= Exercise brief =
Give back exactly the line containing "For the braid" and all that follow it in the data below, with the pictures left out.

(Stored items)
═══

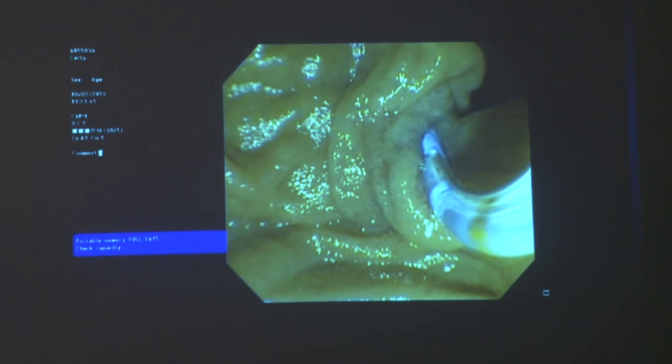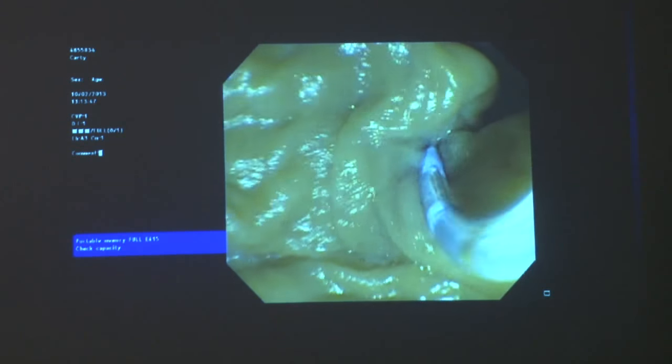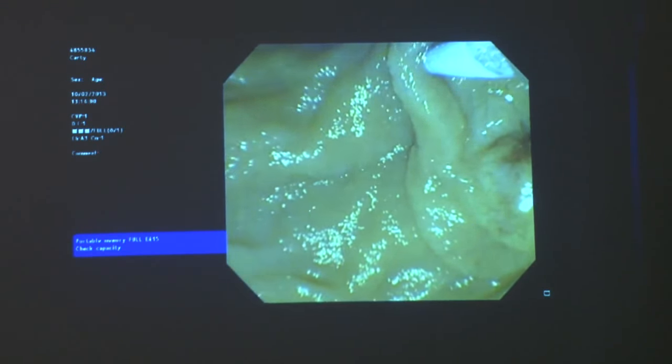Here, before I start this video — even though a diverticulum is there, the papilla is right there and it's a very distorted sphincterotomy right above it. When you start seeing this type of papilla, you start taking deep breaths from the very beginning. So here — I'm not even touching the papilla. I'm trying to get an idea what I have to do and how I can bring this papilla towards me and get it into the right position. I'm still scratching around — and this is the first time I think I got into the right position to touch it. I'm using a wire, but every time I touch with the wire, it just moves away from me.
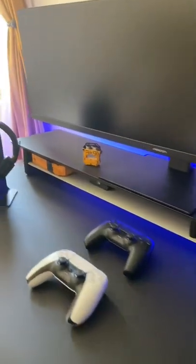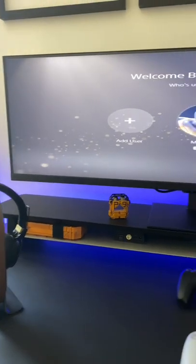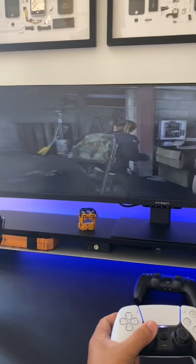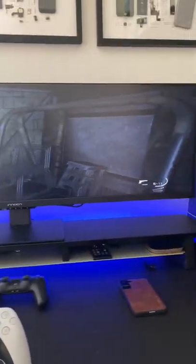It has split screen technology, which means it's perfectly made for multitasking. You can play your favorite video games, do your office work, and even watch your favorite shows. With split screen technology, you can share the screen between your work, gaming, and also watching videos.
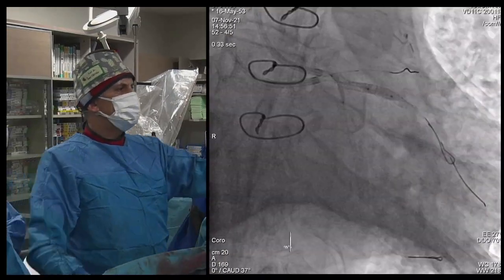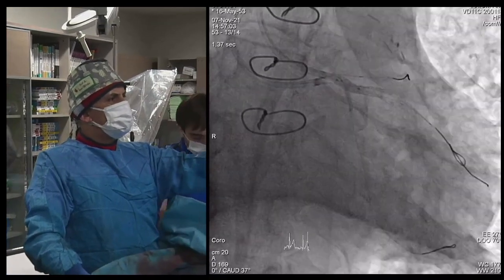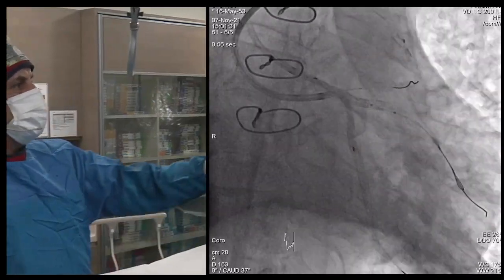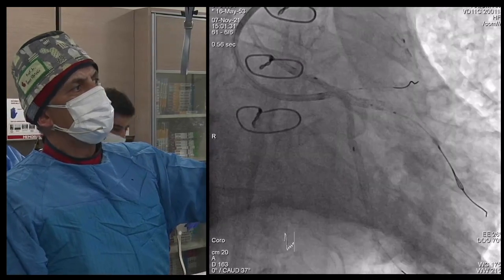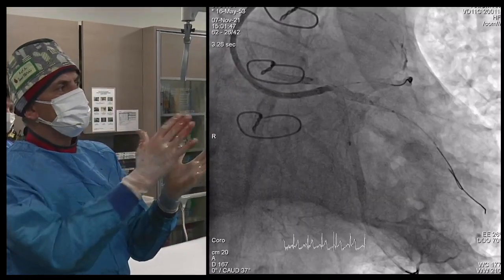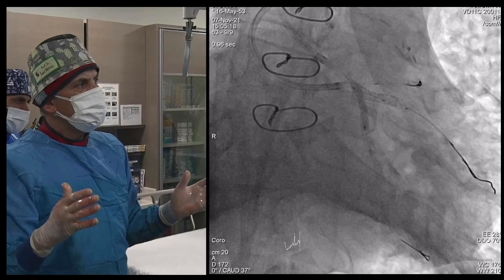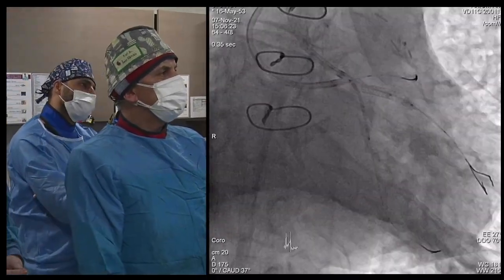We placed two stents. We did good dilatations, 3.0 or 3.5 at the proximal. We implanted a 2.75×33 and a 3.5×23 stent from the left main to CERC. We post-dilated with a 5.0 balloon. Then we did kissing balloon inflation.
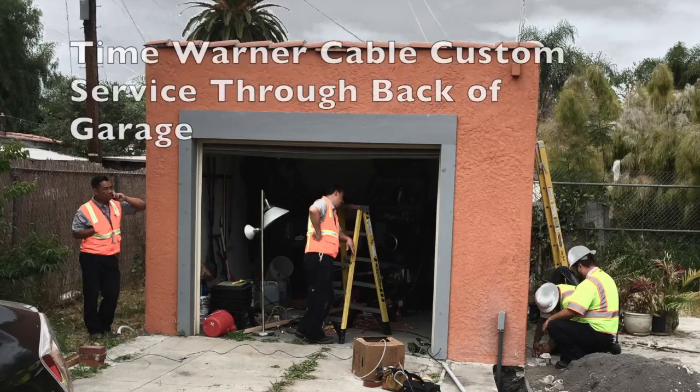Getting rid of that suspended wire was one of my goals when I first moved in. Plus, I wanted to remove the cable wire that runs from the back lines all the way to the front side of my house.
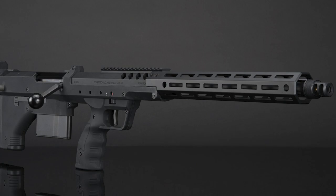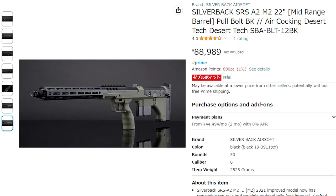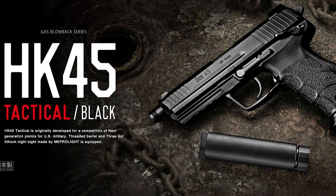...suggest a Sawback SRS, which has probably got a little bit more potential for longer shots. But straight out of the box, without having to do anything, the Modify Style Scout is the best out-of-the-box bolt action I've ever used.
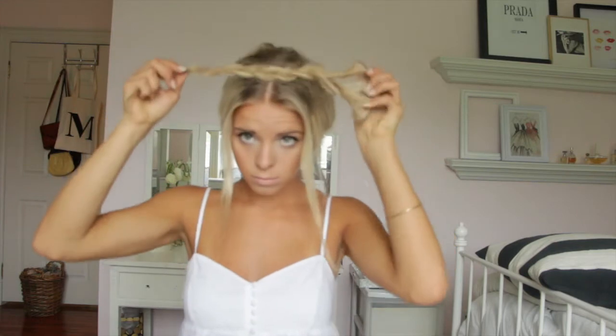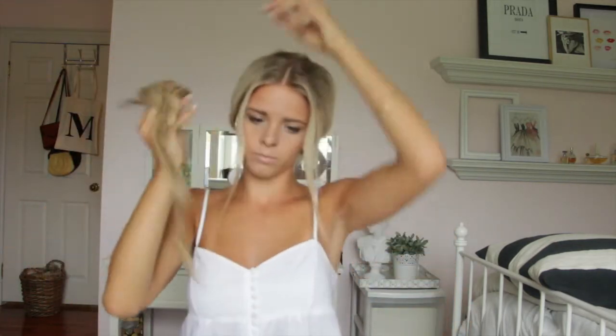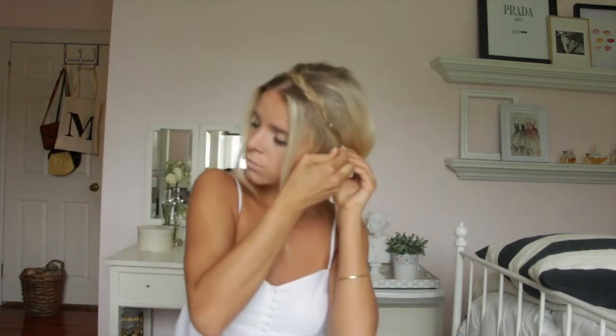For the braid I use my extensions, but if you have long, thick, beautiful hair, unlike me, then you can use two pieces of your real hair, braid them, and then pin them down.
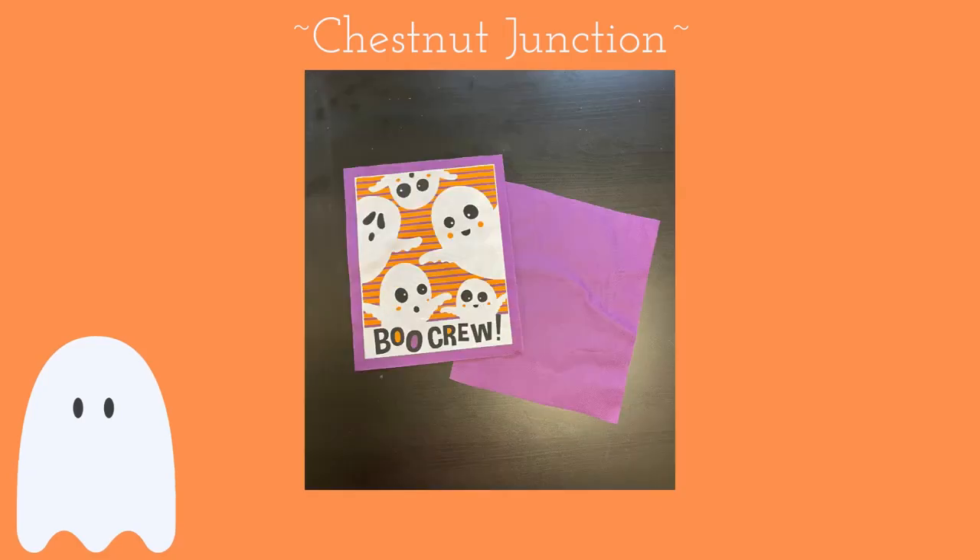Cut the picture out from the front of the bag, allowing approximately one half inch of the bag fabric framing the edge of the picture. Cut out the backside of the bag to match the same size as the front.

═══

= The answer =
For the braid I use my extensions, but if you have long, thick, beautiful hair, unlike me, then you can use two pieces of your real hair, braid them, and then pin them down.
Cut the picture out from the front of the bag, allowing approximately one half inch of the bag fabric framing the edge of the picture. Cut out the backside of the bag to match the same size as the front.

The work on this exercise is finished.